Toutefois, EDF a fait part à ces fournisseurs de son opposition au déclenchement de cette clause, considérant que les conditions prévues dans le contrat ARENH n’étaient pas réunies.  

De son côté, la CRE s’est bornée, dans une délibération du 26 mars 2020, à prendre acte du désaccord entre les parties sur l’invocation de la clause de force majeure des accords-cadres. 

Malgré tout, par cette délibération la CRE a refusé de transmettre à RTE l’évolution des volumes d’ARENH à livrer par EDF aux fournisseurs concernés liée à une demande d’activation de la clause de force majeure.
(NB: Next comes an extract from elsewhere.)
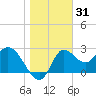 St. Marks tide chart for Tuesday, December 31, 2024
Or, il s’agissait d’une étape indispensable pour que ces fournisseurs puissent suspendre toute ou partie de leurs obligations d’achat d’électricité nucléaire. 

C’est dans ce contexte que l’ANODE et l’AFIEG, représentants de fournisseurs alternatifs, ont déposé devant le Conseil d’Etat un recours en annulation à l’encontre de cette délibération de la CRE, ainsi qu’une requête en référé afin d’en faire suspendre l’application.  

Aux termes de l’ordonnance ici commentée, le juge des référés du Conseil d’Etat s’est prononcé le 17 avril 2020 – sans audience en raison de l’état d’urgence sanitaire – sur cette demande, en la rejetant pour défaut d’urgence. 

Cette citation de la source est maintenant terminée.